Figure 5.

TNF-α-Armed Oncolytic VSV Potently Synergize with SMC In Vivo

(A) Mice with established ∼100 mm³ mammary tumors were treated with vehicle or 50 mg/kg of the SMC LCL161 (oral gavage) and 1 × 10⁷ PFU of VSVΔ51-GFP or VSVΔ51-TNF-α (intravenous). (B) Mice bearing ∼200 mm³ CT-26 tumors were treated with vehicle or 50 mg/kg LCL161 (oral gavage) and 1 × 10⁷ PFU of VSVΔ51-SA:TNF-α intratumorally. (C) Mice bearing ∼100 mm³ EMT6-Fluc tumors were treated with vehicle or 50 mg/kg of LCL161 (oral gavage) and 1 × 10⁷ PFU of VSVΔ51-TNF-α or VSVΔ51-SA:TNF-α (intratumoral). (D) IVIS images of representative EMT6-Fluc-bearing mice described in (B). Scale, p/s/cm²/sr (photons per second per square centimeter per steradian). (A–C) Left panel depicts tumor growth (mean, SEM); right panel represents the Kaplan-Meier curve depicting mouse survival.
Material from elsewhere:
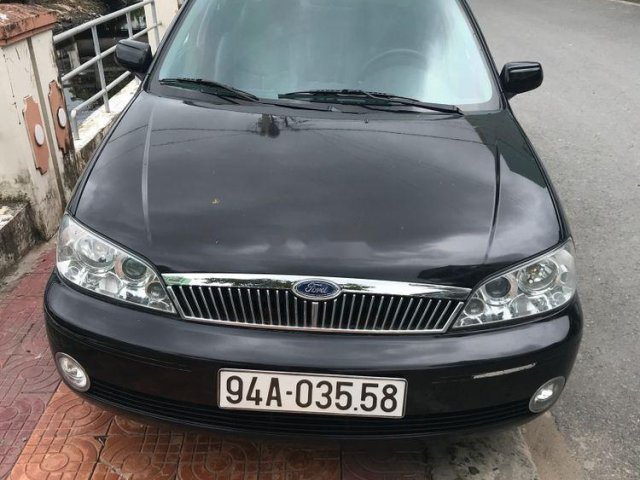 Cần bán Ford Laser đời 2002, màu đen, nhập khẩu  0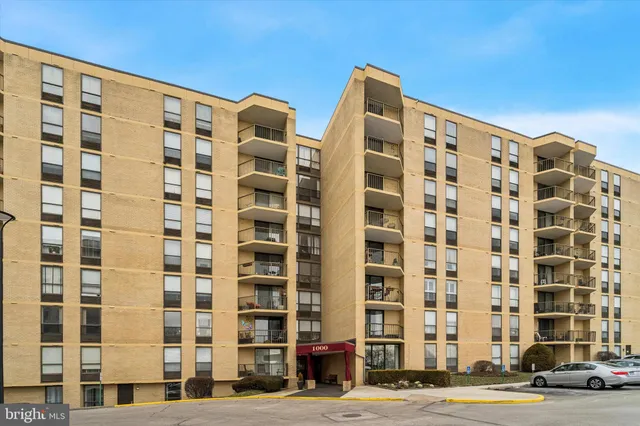 a view of a swimming pool and lounge chairs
Statistical significance of tumor growth rates was assessed by one-way ANOVA with Tukey’s multiple comparison. Log rank with Holm-Sidak multiple comparison: *p < 0.05; **p < 0.01; ***p < 0.001. Number of mice per treatment group is displayed in brackets.